**WHAT YOU ARE ASKED TO DO**
Would you print, word for word, only the lines running from the line with "Helsingborgs Anton Wede" to the last line of the entries, without the pictures?

(Stored data)

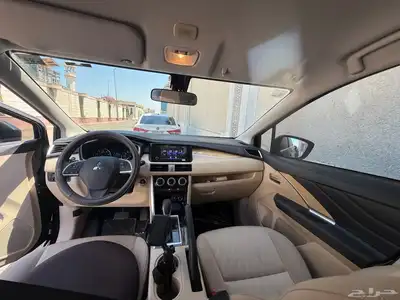 متسوبيشي اكسباندر 2023 شبة وكالة 13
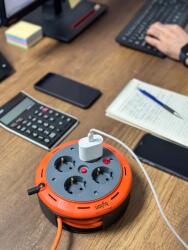  Kompakt feltekerhető kábel, 5 m-es kábel 4 IP20-as aljzattal, francia típusú (PHE-05310-E)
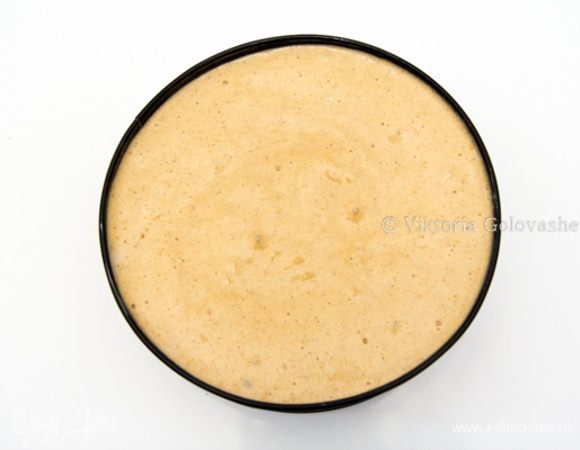 Выкладываем тесто в форму и разравниваем аккуратно. Можно один раз «крутнуть» форму, чтоб тесто распределились и благодаря центробежной силе немного больше «ушло» к краям. Таким образом не будет слишком высокого «горба» в центе, а тот что поднимется при выпечке, осядет во время остывания. 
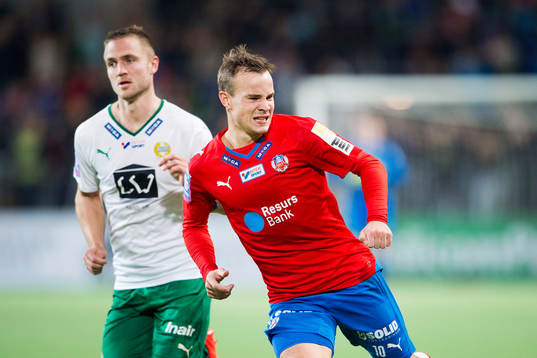 Helsingborgs Anton Wede passerar Mats Solheim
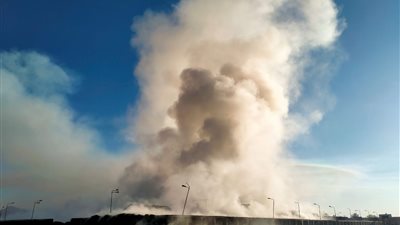 أدخنة تعيق حركة الطائرات.. تحرك في البرلمان بسبب مصنع تدوير قمامة قرب مطار الأقصر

**RESULT OF THE TASK**
 Helsingborgs Anton Wede passerar Mats Solheim
 أدخنة تعيق حركة الطائرات.. تحرك في البرلمان بسبب مصنع تدوير قمامة قرب مطار الأقصر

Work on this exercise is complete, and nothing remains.